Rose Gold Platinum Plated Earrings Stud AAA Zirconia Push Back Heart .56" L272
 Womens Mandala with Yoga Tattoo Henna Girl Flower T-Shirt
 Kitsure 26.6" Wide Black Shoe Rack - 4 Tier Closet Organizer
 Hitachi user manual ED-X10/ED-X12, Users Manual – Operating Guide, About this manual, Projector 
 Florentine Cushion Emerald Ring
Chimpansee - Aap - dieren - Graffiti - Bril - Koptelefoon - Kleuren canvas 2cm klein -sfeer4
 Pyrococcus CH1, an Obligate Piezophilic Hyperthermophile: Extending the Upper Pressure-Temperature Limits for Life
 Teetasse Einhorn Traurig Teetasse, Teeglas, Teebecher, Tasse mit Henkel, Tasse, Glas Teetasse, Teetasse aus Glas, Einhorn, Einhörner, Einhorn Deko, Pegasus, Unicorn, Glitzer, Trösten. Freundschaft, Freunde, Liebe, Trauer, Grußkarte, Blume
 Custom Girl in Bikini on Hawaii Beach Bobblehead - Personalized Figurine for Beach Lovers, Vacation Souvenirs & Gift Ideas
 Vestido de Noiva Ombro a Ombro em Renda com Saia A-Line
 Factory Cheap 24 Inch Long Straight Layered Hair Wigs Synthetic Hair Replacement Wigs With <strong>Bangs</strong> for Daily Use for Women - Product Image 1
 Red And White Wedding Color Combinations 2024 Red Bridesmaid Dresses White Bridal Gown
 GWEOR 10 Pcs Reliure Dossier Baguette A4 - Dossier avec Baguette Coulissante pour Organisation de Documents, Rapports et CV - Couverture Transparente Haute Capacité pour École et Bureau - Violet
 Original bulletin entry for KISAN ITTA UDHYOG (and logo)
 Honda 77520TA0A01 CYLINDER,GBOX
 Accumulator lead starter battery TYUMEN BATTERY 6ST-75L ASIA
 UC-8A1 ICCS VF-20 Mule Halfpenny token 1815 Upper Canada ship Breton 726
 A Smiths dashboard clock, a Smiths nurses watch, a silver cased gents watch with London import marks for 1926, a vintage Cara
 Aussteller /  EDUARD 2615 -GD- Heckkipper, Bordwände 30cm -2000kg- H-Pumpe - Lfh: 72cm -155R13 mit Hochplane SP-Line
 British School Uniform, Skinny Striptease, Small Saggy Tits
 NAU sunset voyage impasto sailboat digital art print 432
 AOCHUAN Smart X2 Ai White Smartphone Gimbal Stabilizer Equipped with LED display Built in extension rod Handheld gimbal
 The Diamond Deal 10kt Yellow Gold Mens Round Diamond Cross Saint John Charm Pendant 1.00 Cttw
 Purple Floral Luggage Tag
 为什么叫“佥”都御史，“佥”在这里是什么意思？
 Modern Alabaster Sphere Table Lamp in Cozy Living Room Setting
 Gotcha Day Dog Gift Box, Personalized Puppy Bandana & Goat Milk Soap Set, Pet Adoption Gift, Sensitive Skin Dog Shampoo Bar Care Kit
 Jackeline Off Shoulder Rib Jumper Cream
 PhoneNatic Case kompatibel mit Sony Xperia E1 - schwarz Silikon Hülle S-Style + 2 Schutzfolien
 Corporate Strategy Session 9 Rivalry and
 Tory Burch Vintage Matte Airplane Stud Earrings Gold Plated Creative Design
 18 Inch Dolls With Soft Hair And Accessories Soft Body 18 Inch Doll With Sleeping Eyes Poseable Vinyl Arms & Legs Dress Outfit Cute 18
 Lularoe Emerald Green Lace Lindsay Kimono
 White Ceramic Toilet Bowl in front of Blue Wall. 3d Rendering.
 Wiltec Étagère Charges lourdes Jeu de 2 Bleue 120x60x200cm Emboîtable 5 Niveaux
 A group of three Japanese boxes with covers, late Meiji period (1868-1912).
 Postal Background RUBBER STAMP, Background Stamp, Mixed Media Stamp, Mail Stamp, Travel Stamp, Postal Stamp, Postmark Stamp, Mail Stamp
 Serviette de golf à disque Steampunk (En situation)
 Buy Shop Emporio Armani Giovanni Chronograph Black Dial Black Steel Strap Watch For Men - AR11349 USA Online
******
Copy down every line of the entries containing the word "Girl".

Task result:
 Womens Mandala with Yoga Tattoo Henna Girl Flower T-Shirt
 Custom Girl in Bikini on Hawaii Beach Bobblehead - Personalized Figurine for Beach Lovers, Vacation Souvenirs & Gift Ideas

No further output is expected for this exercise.